Task prompt –
In the entries below, which lines run from the one with "-合品记·湖南私房菜&小龙虾(霄云路店)" through the one with "Modèle: TemptingFable"? Repeat exactly those, both included, and no pictures.

Provided records –
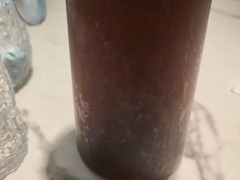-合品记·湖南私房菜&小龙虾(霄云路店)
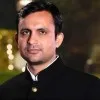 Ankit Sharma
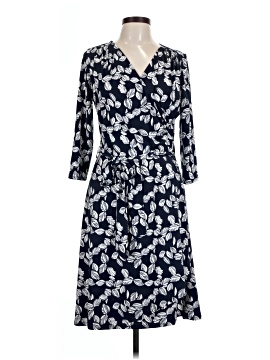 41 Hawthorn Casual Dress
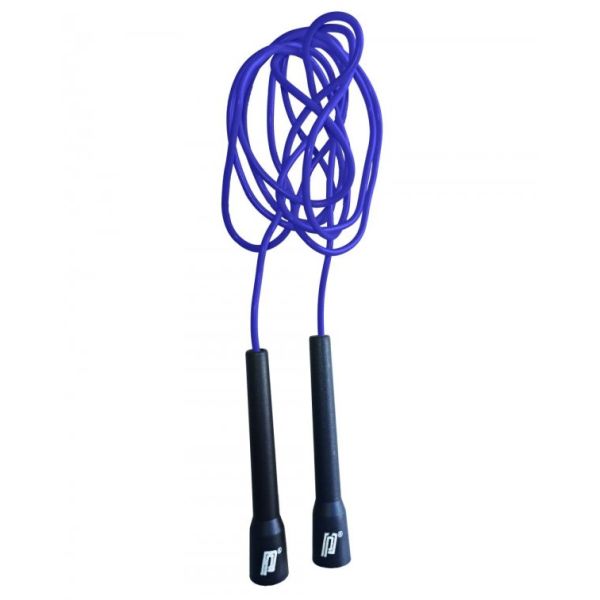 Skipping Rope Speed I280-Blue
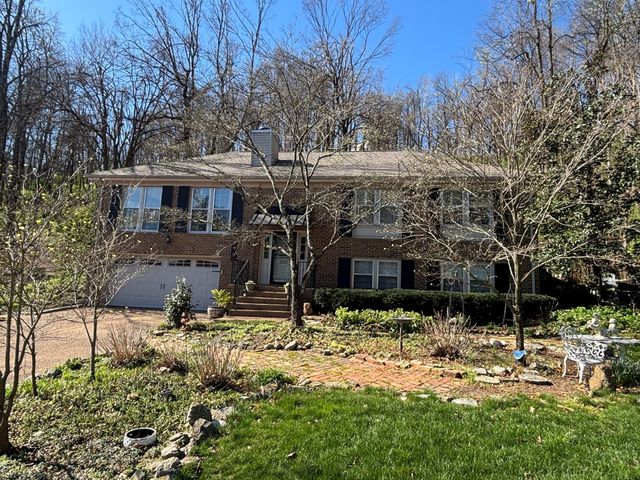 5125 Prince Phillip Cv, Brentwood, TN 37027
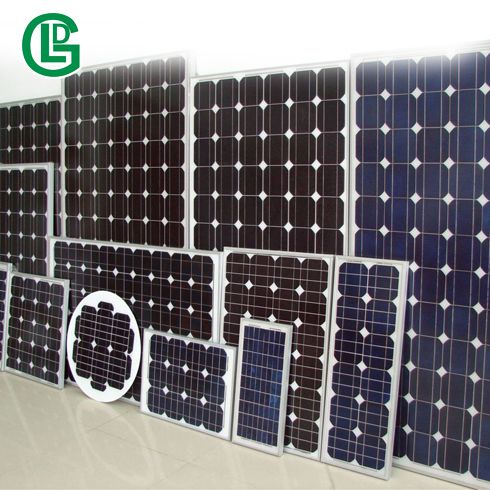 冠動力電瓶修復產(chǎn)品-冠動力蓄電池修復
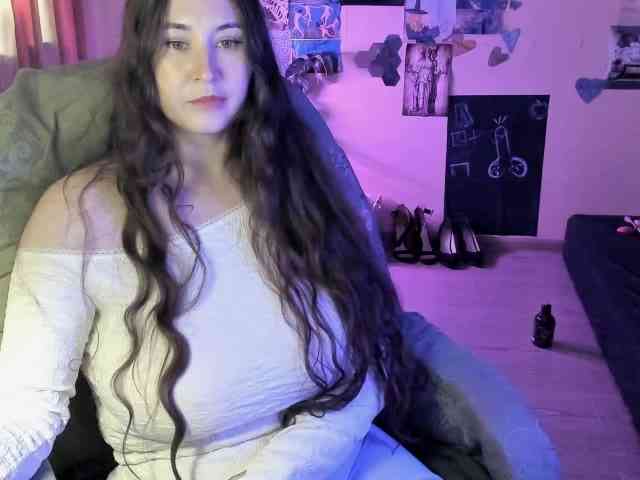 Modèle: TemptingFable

==

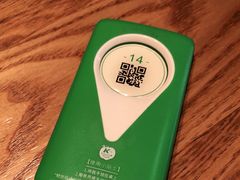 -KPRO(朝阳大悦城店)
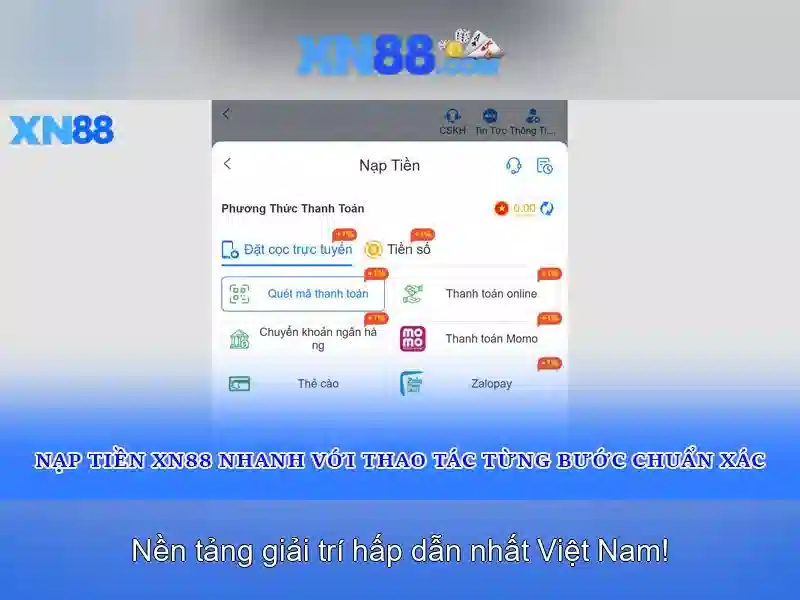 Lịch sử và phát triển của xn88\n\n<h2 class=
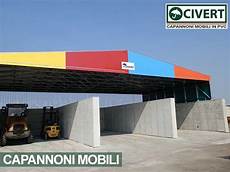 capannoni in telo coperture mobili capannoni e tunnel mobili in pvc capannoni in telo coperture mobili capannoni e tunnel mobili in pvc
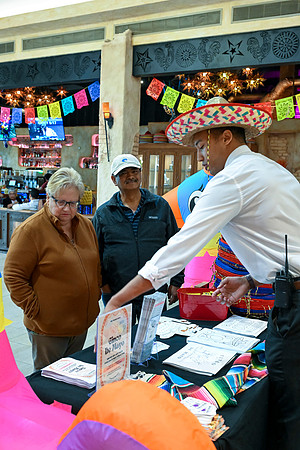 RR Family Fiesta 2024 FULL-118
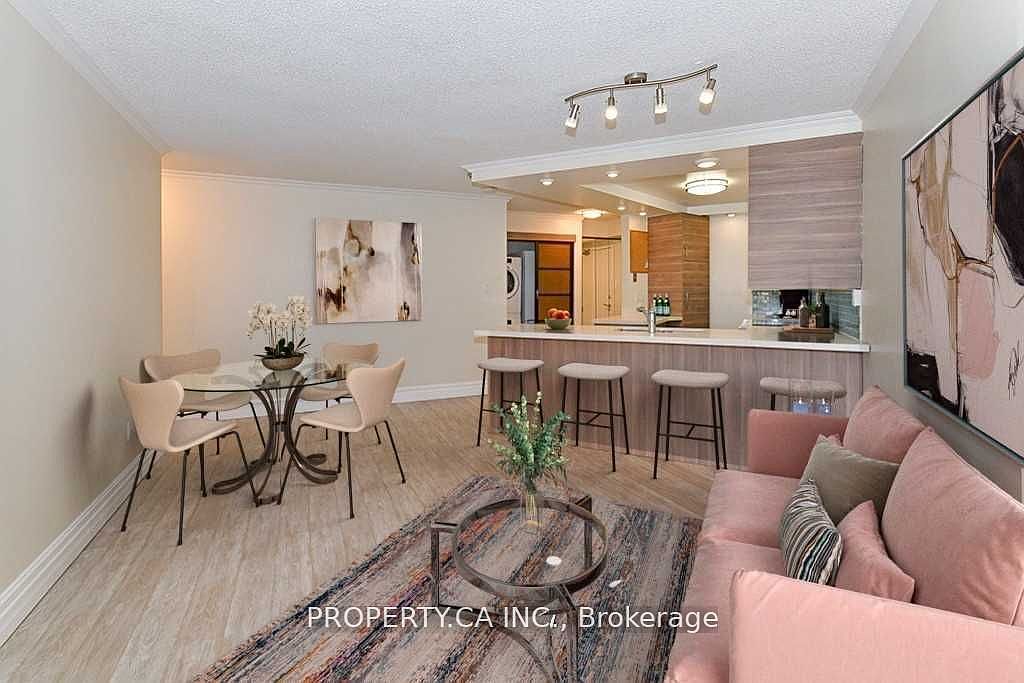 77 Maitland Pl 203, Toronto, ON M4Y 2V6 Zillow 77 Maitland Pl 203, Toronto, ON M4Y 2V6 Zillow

Answer to this problem –
-合品记·湖南私房菜&小龙虾(霄云路店)
 Ankit Sharma
 41 Hawthorn Casual Dress
 Skipping Rope Speed I280-Blue
 5125 Prince Phillip Cv, Brentwood, TN 37027
 冠動力電瓶修復產(chǎn)品-冠動力蓄電池修復
 Modèle: TemptingFable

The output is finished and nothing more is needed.